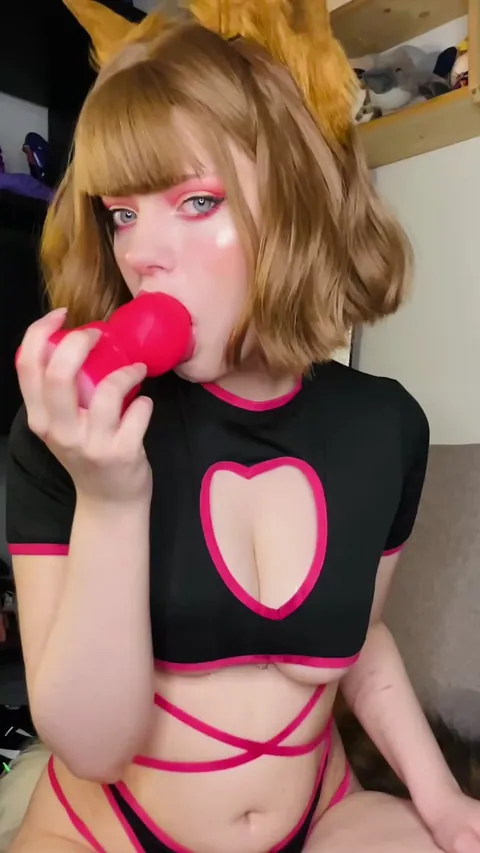 Gagging on cock makes me lose my mind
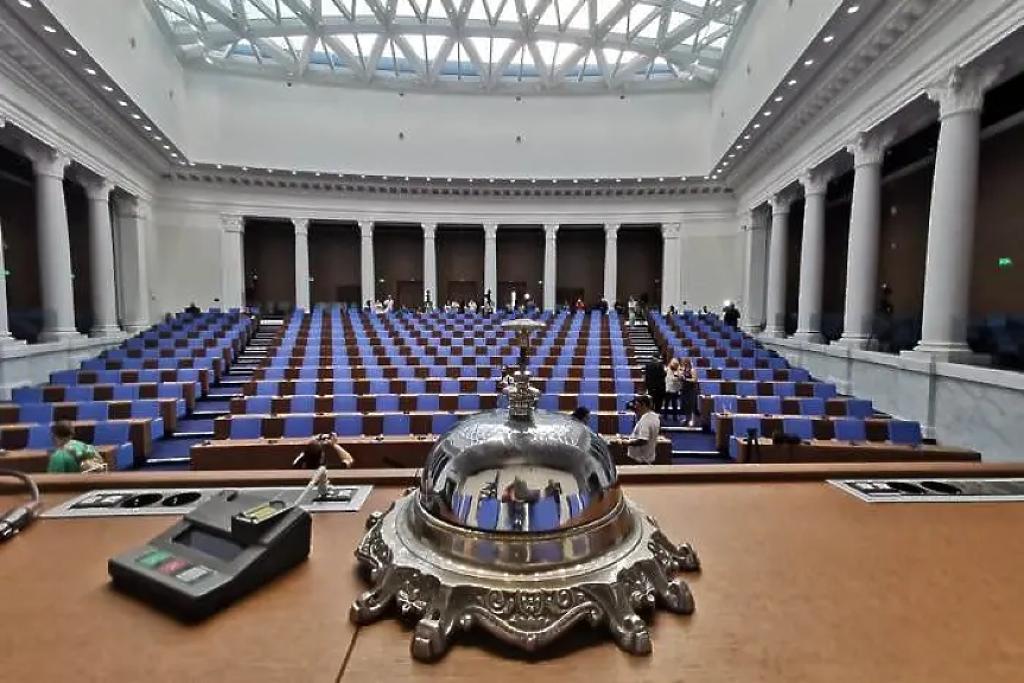 Парламентът обсъжда нов контрол върху особения търговски управител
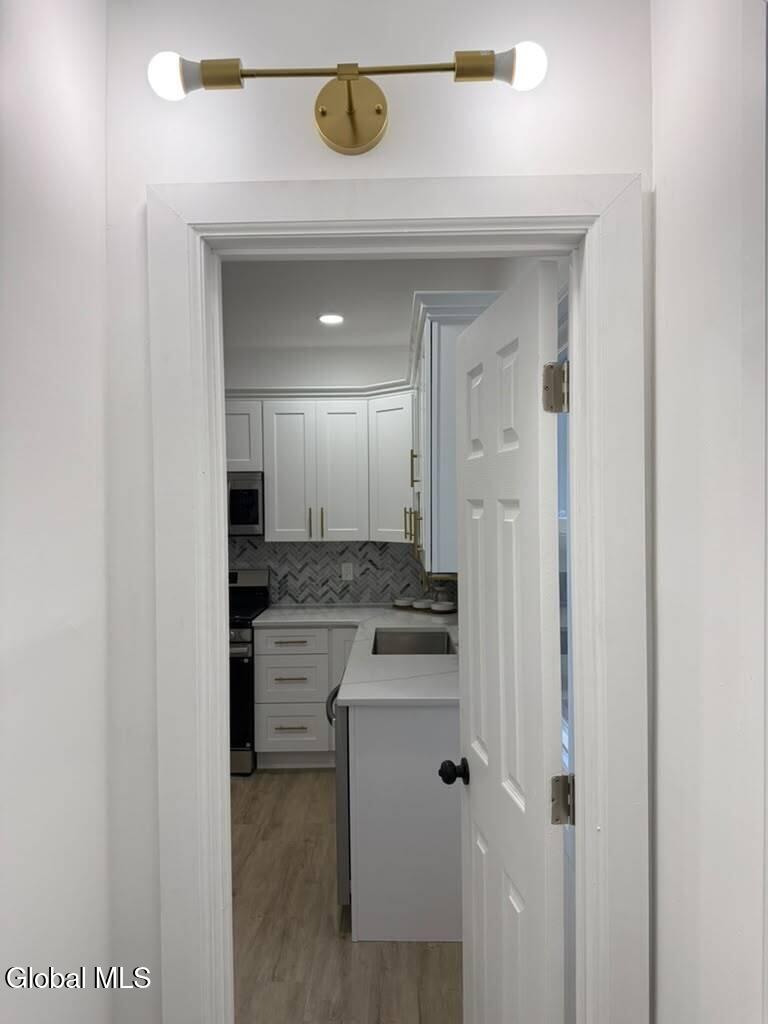 12 Lomasney Avenue Schenectady NY 12308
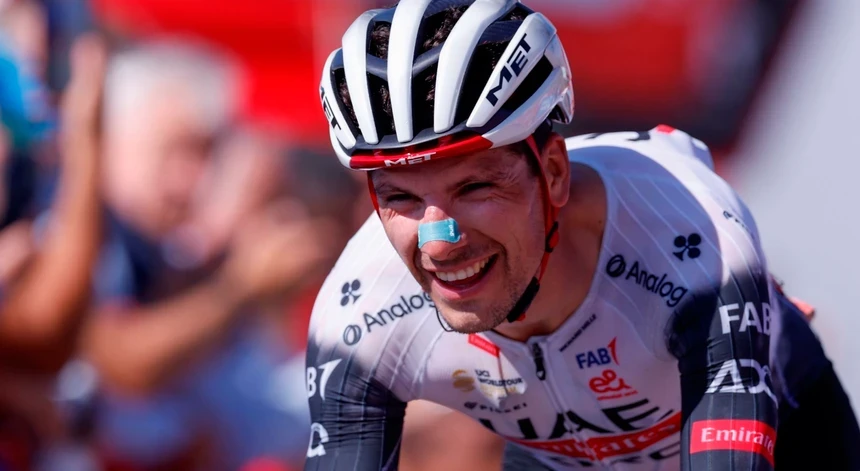 João Almeida falha Volta a Itália por ter tido preparação condicionada por doença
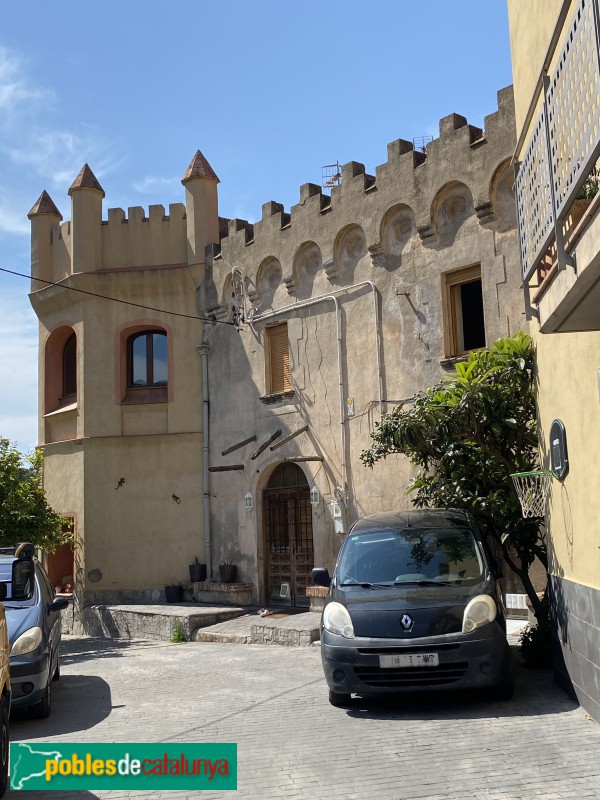 Santa Maria de Martorelles - Casa Bru (el Castell)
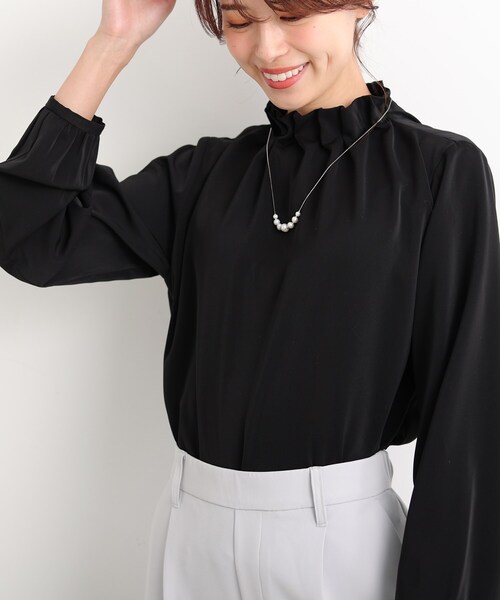 SHOO・LA・RUE（シューラルー）の「◆【S-3L】スタンドフリルブラウス（シャツ/ブラウス・レディース・アイボリー/ブラック・01/02/03/04/05）」の2枚目の写真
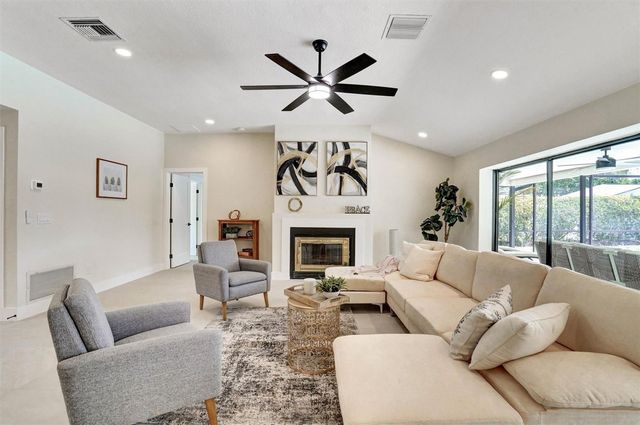 1627 FARRIER TRAIL, Clearwater, FL 33765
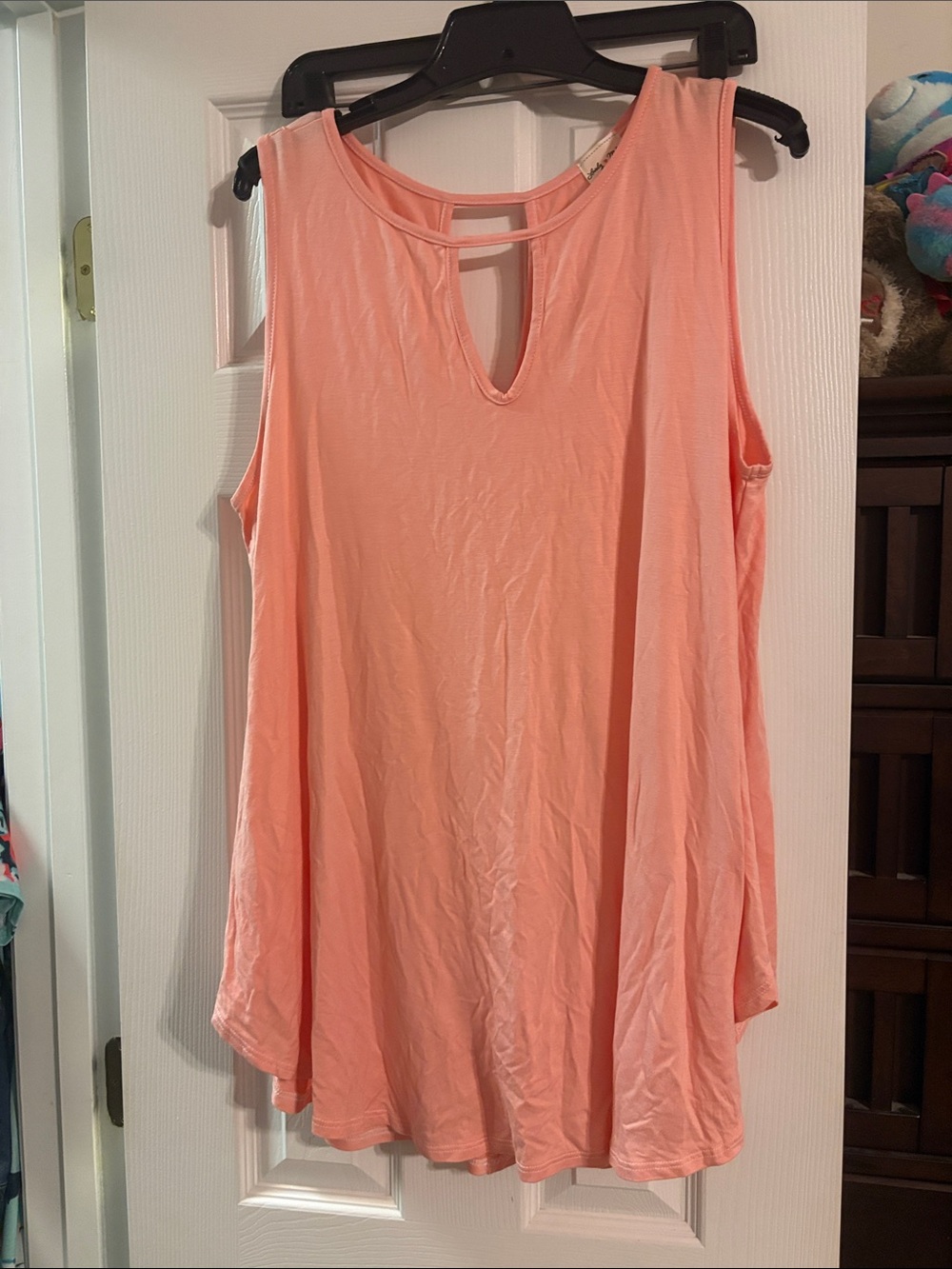 Lovely Melody Peach Keyhole Sleeveless Swing Tank
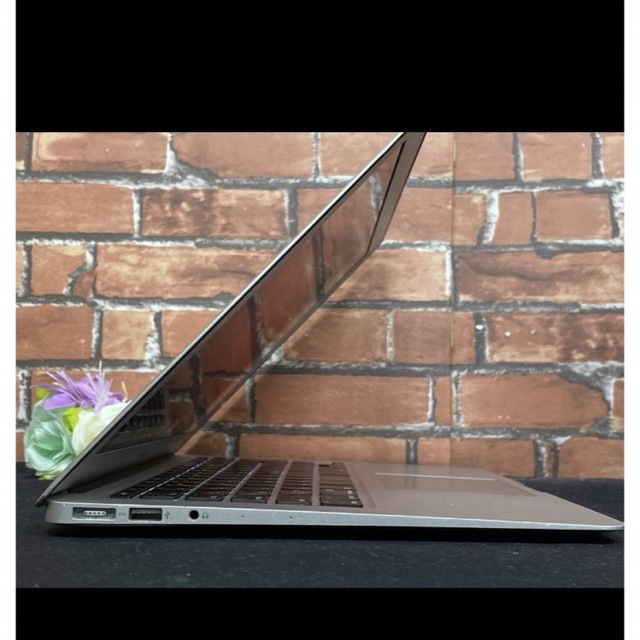 MacBook Air  (A1466)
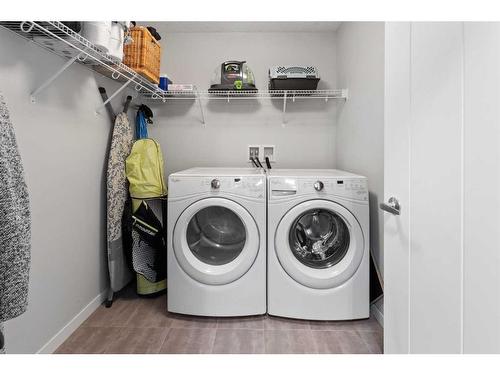 110-6603 New Brighton Avenue Se, Calgary, AB - Indoor Photo Showing Laundry Room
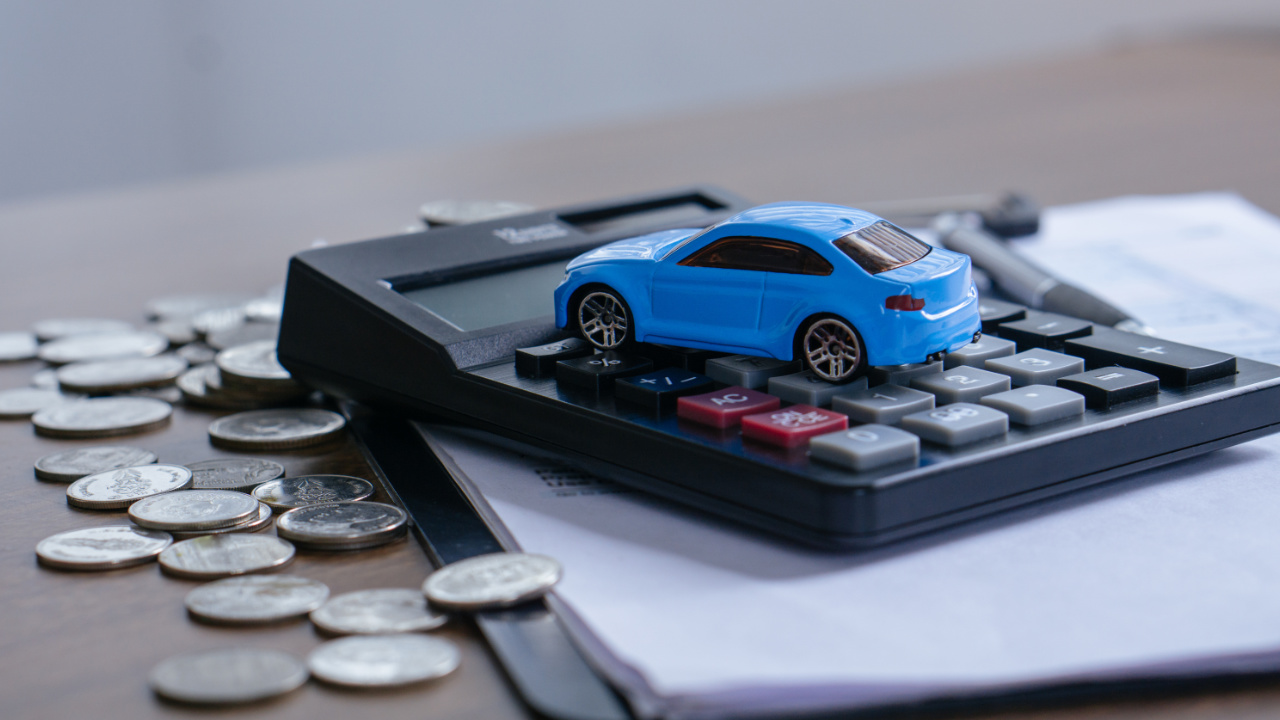 petite auto jouet sur une calculatrice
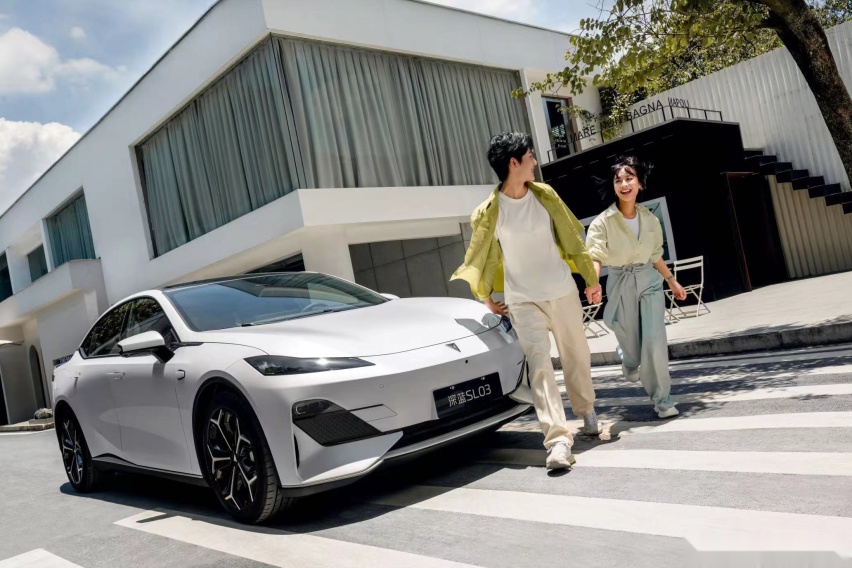 运动轿跑”新选择-2025款SL03焕新上市 售价区间为11.99万元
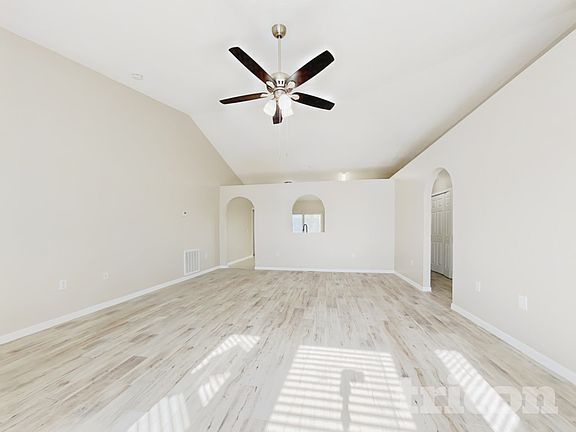 3rd image of 164 Larchmont Dr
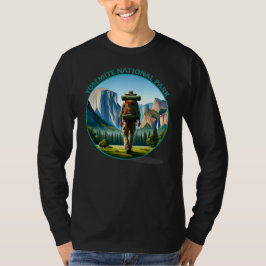 Wandelaar in Yosemite National Park T-shirt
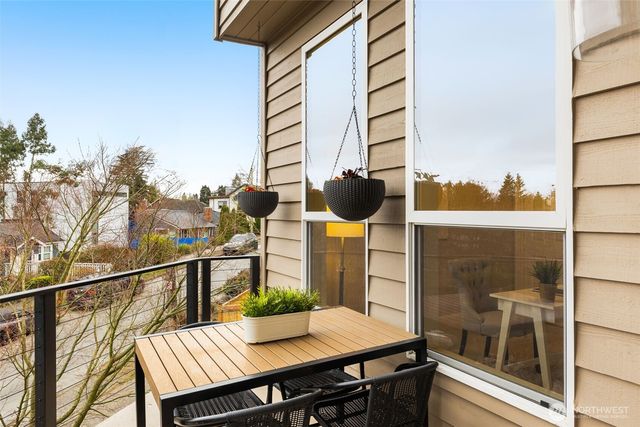 8360 Loyal Way NW, Seattle, WA 98117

(Task description): Transcribe only the lines above that start at the line containing "Парламентът обсъжда нов" and end at the line containing "1627 FARRIER TRAIL, Clearwater, FL 33765". Omit pictures.

(Answer to the problem):
 Парламентът обсъжда нов контрол върху особения търговски управител
 12 Lomasney Avenue Schenectady NY 12308
 João Almeida falha Volta a Itália por ter tido preparação condicionada por doença
 Santa Maria de Martorelles - Casa Bru (el Castell)
 SHOO・LA・RUE（シューラルー）の「◆【S-3L】スタンドフリルブラウス（シャツ/ブラウス・レディース・アイボリー/ブラック・01/02/03/04/05）」の2枚目の写真
 1627 FARRIER TRAIL, Clearwater, FL 33765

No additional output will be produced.